• **EXERCISE INSTRUCTIONS**
Return the full listing unchanged, apart from leaving out its images.

• **DATA EXTRACT**
-=-=-

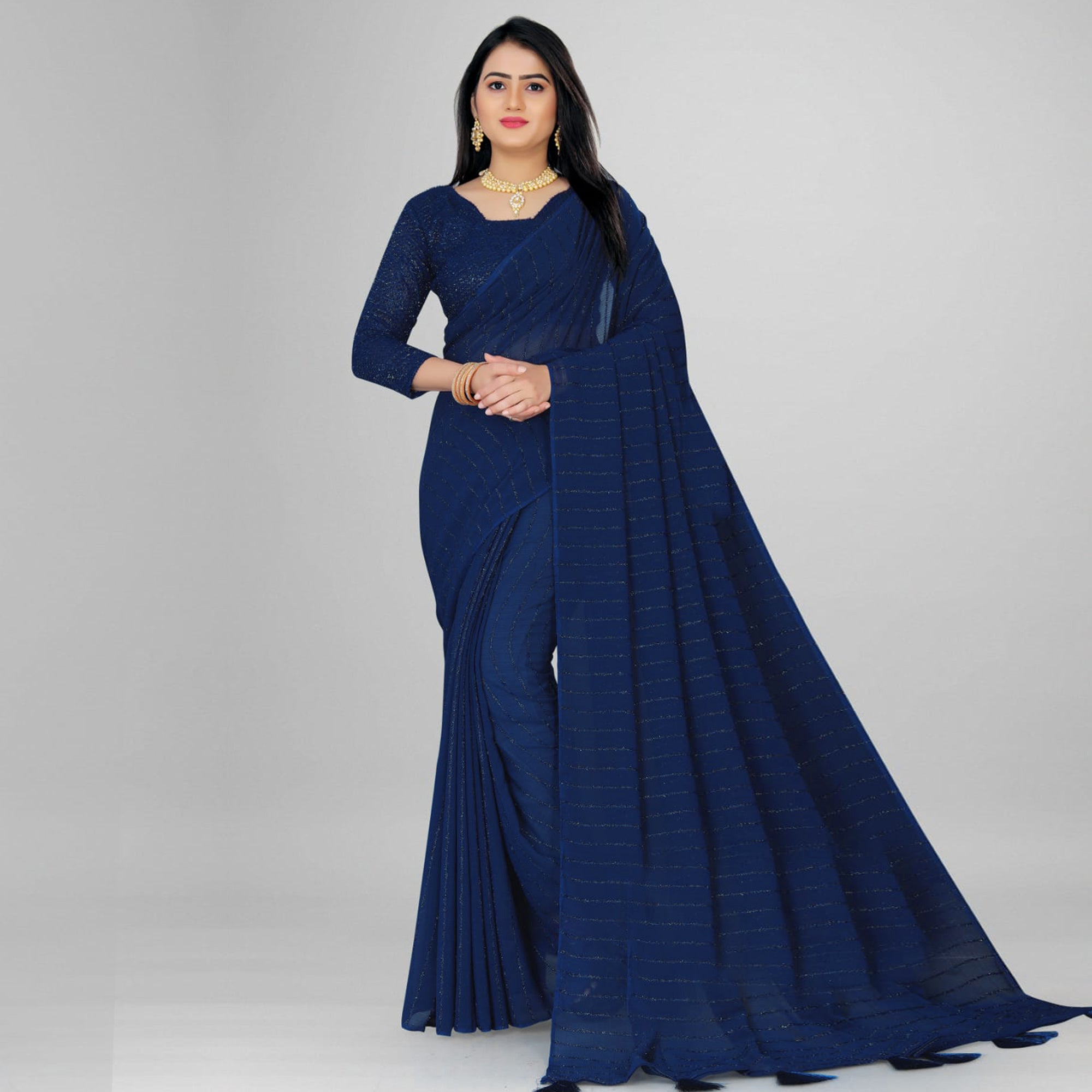 Blue Woven Chiffon Saree with Tassels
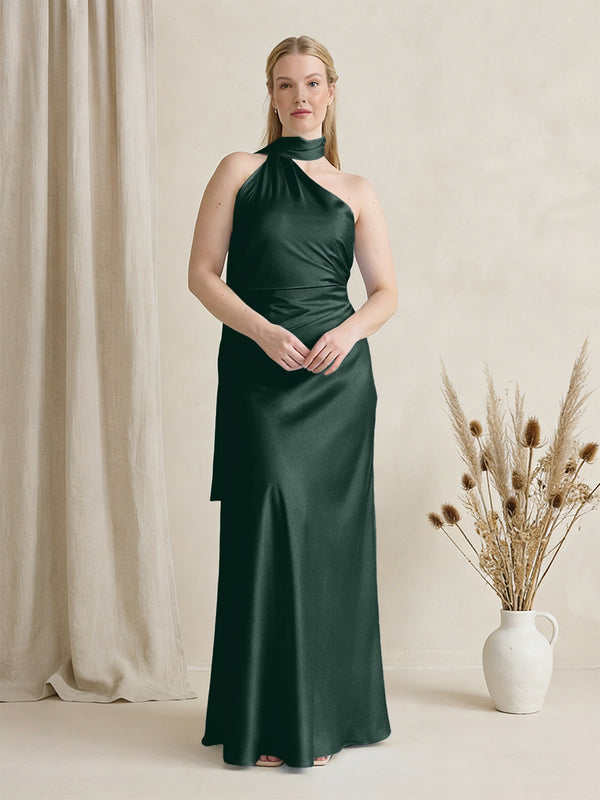 Satin One Shoulder Sleeveless Maxi Bridesmaid Dresses with Scarf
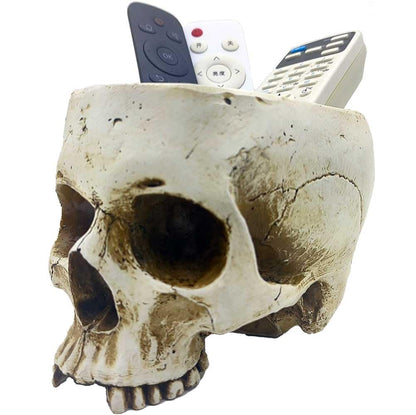 CUZOKOLA Larger 6.9" Human Skull Candy Dish with Lid,Big Skull Candy Jar,Skull Head Decor Statue Resin Mold for Halloween Skull Candy Bowl,Skull Home Decoration,White Skull Skeleton Bowl Sculpture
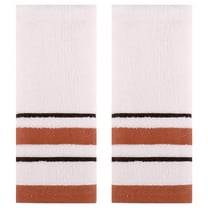 Unique Bargains Striped Set of 2 Absorbent Soft Hand Towels Beige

-=-=-

• **ANSWER AREA**
 Blue Woven Chiffon Saree with Tassels
 Satin One Shoulder Sleeveless Maxi Bridesmaid Dresses with Scarf
 CUZOKOLA Larger 6.9" Human Skull Candy Dish with Lid,Big Skull Candy Jar,Skull Head Decor Statue Resin Mold for Halloween Skull Candy Bowl,Skull Home Decoration,White Skull Skeleton Bowl Sculpture
 Unique Bargains Striped Set of 2 Absorbent Soft Hand Towels Beige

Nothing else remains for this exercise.